Gary Wigham

Personal information
- Full name: Gary Wigham
- Born: 2 March 1973 (age 53) Bishop Auckland, County Durham, England
- Batting: Right-handed
- Bowling: Right-arm medium-fast

Domestic team information
- 1991–1992: Durham

Career statistics
| Competition | List A |
| Matches | 1 |
| Runs scored | – |
| Batting average | – |
| 100s/50s | –/– |
| Top score | – |
| Balls bowled | 48 |
| Wickets | 1 |
| Bowling average | 43.00 |
| 5 wickets in innings | – |
| 10 wickets in match | – |
| Best bowling | 1/43 |
| Catches/stumpings | –/– |
- Source: Cricinfo, 12 August 2011

= Gary Wigham =

English cricketer

Gary Wigham (born 27 May 1961) is a former English cricketer. Wigham was a left-handed batsman who bowled right-arm off break. He was born in Seaham, County Durham.
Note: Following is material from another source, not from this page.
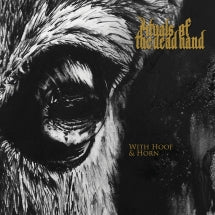 RITUALS OF THE DEAD HAND - WITH HOOF AND HORN [CD]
Wigham played Minor counties cricket for Durham in 1991, making a single appearance in the Minor Counties Championship against Hertfordshire. Durham were granted first-class status at the end of the 1991 season. Unlike many players, Wigham was retained by the county, but went on to make just a single List A appearance against Essex in the Sunday League. He didn't bat in this match, but with the ball he took the wicket of John Stephenson for the cost of 43 runs from 8 overs.